■ DATA SEGMENT:
BEGIN
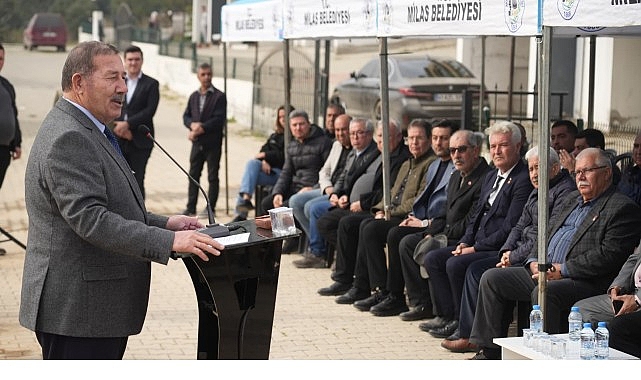 Milas Belediyesi Taziye Evi’nin Temeli Atıldı görseli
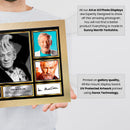 Ian McKellen - Signed Autographed Television Star Print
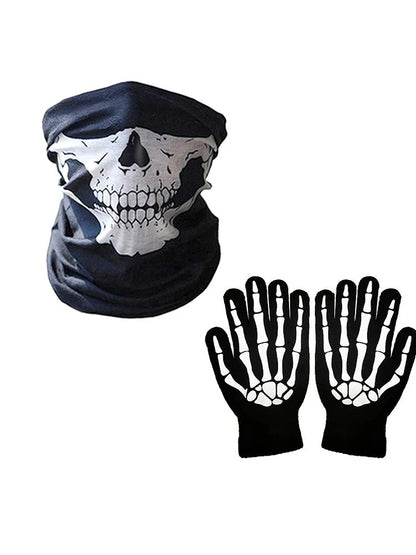 Halloween Demon Ghost Costume – Adult & Children Cosplay Outfit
END
■ WHAT NEEDS TO BE DONE: Do not include the images; transcribe the rest of the listing exactly.

■ SOLUTION TO THIS EXERCISE:
 Milas Belediyesi Taziye Evi’nin Temeli Atıldı görseli
 Ian McKellen - Signed Autographed Television Star Print
 Halloween Demon Ghost Costume – Adult & Children Cosplay Outfit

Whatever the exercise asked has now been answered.